Three weeks ago the Saline City Council unanimously passed a proclamation to recognize the month of June as LGBT Pride Month in Saline. LGBT stands for Lesbian, Gay, Bisexual and Transgender. I was at that meeting, and I was proud to see it pass. More about my opinion in a moment.
There has been a bit of blow back from the passing of this proclamation via letters to the editor and comments left on online news publications after reading about the story. I'd like to point out a couple of things that struck me while reading the opposing points of view. Before I do that, however, let me say that although I vehemently disagree with the opposing viewpoint, I am extremely grateful they have the right to speak and/or write it. What they have really done is bring about discussion on the topic at hand, and that is a wonderful way to bring awareness and move toward tolerance and mutual respect of our LGBT friends and neighbors.
One woman wrote a letter to the editor in the Saline Reporter. She quoted Dr. Martin Luther King Jr. saying, "Our lives begin to end the day we become silent about things that matter." Indeed. Does this woman not think it works the same for the other side? Since we are quoting the great Dr. King here, how about "A right delayed is a right denied," or "An individual has not started living until he can rise above the narrow confines of his individualistic concerns to the broader concerns of all humanity"? These too were said by MLK.
The same woman went on to list some things she thought mattered to a society and community. She said,"The United States is a 'representative republic' and therefore we expect our elected officials to actually represent the majority of the people who elected them; not allow outside organizations influence their decisions to govern." She mentioned "only 2% actually identifies with such a group". Really? Because a national poll taken on the week of May 5, 2011 showed that 53% of Americans support gay marriage, which is even more progressive than recognizing a group of people one month out of the year. As far as "outside organizations" go, let me point out that the proclamation was brought about by members of Saline Council, and supported by all of Saline council, and encouraged by a Saline group called Et al.
She also said, "Officials need to keep the taxpayers they represent informed about what actions they are contemplating;" True. This is why council meeting agendas are made open to the public, published on their website and hung on their bulletin boards. People who want to know what the council is up to should read agendas, check minutes and attend meetings.

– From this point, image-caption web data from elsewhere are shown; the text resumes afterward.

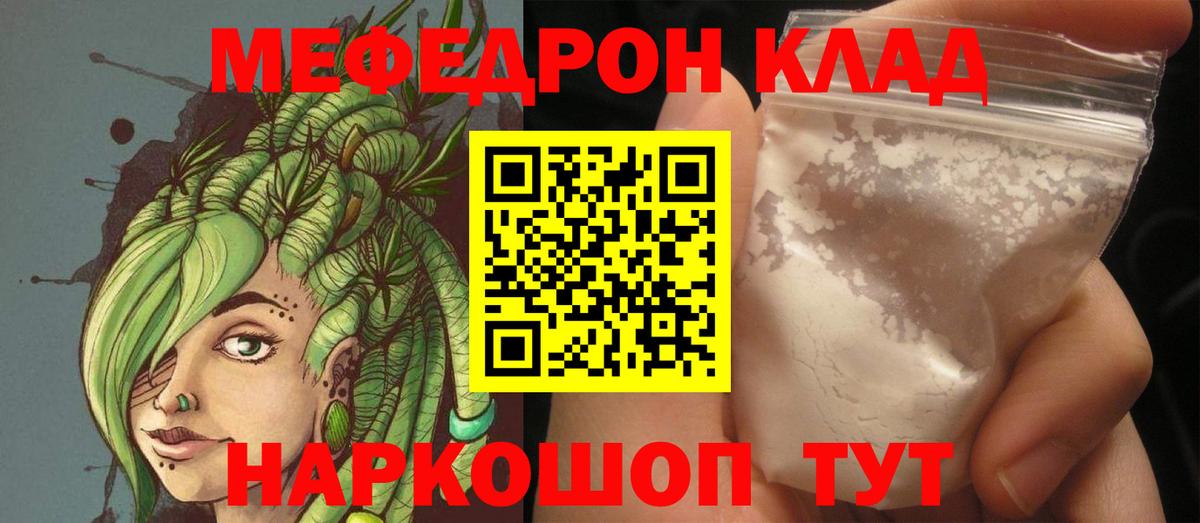 Мефедрон кристаллы Советск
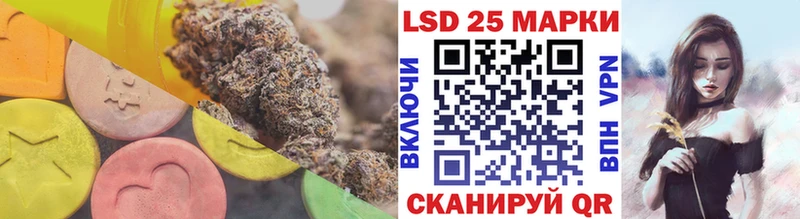 ЛСД экстази кислота  Купить где  Перевоз 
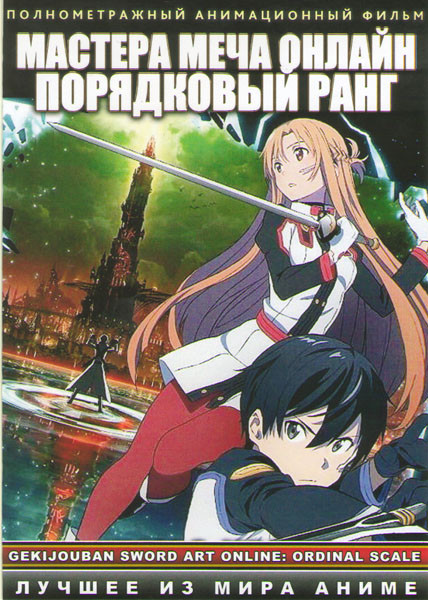 Мастера меча онлайн Порядковый ранг на DVD Мастера меча онлайн Порядковый ранг на DVD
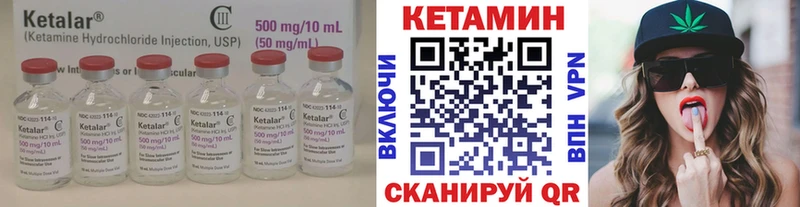 КЕТАМИН VHQ Пучеж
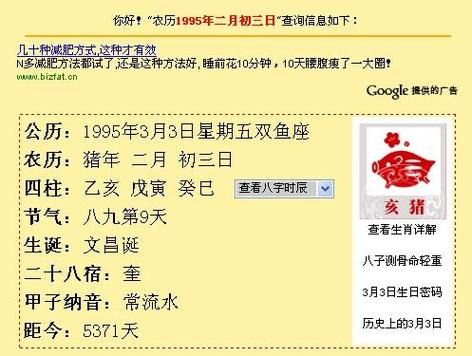 八字缺火的婚姻好不好?如何进行化解?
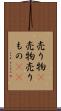 売り物(P) Scroll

Another Letter To The Editor came in to the Saline Reporter inbox, also in opposition of LGBT Pride month in Saline. This woman said, "Why did the Saline City Council find it necessary to select this particular group of citizens to be recognized? Perhaps we should nominate July as Christian Awareness Month. I wonder what the ministers and pastors of Saline think of this proclamation.?" First lets clarify that Christianity is a religion, and LGBT is not. I assume the ministers and pastors in Saline would recognize the First Amendment which separates church and state, the very amendment that keeps the government from coming into their churches and dictating what they must preach to their flocks. The woman ends her letter with "The bottom line is, God loves us all whoever we are." So I guess I have to wonder, why doesn't she?
Think for a moment of the headlines we have read of late, exposing gay teen suicides due to bullying. How many kids worry for their safety if they are openly true to who they are? What the Saline City Council was doing was raising awareness, because I have to believe, deep down inside of myself that if people really knew about the intimidation, abuse, and hatred that is subjected onto the LGBT community, there is no way they would agree not to support anything that could bring a stop to it. How could they?
I just don't see how the proclamation for June hurts anyone. It doesn't ask anyone to change their faith. It doesn't ask anyone to change their relationships. It doesn't ask you to run out and join a gay rights group. It is just a way of saying something like "hey everyone, let's be aware that there are people in our community who are terribly discriminated against, and not contribute to that discrimination."
If you are not a member of the LGBT community, whether you agree with it or not, this proclamation doesn't really have to have anything to do with you. But if we don't raise awareness, if we continue to encourage the next generations to be those of intolerance, then the results of that hatred will have something to do with you, because you will have done nothing to stop it. Personally, I want to be a part of the solution, a part of the healing.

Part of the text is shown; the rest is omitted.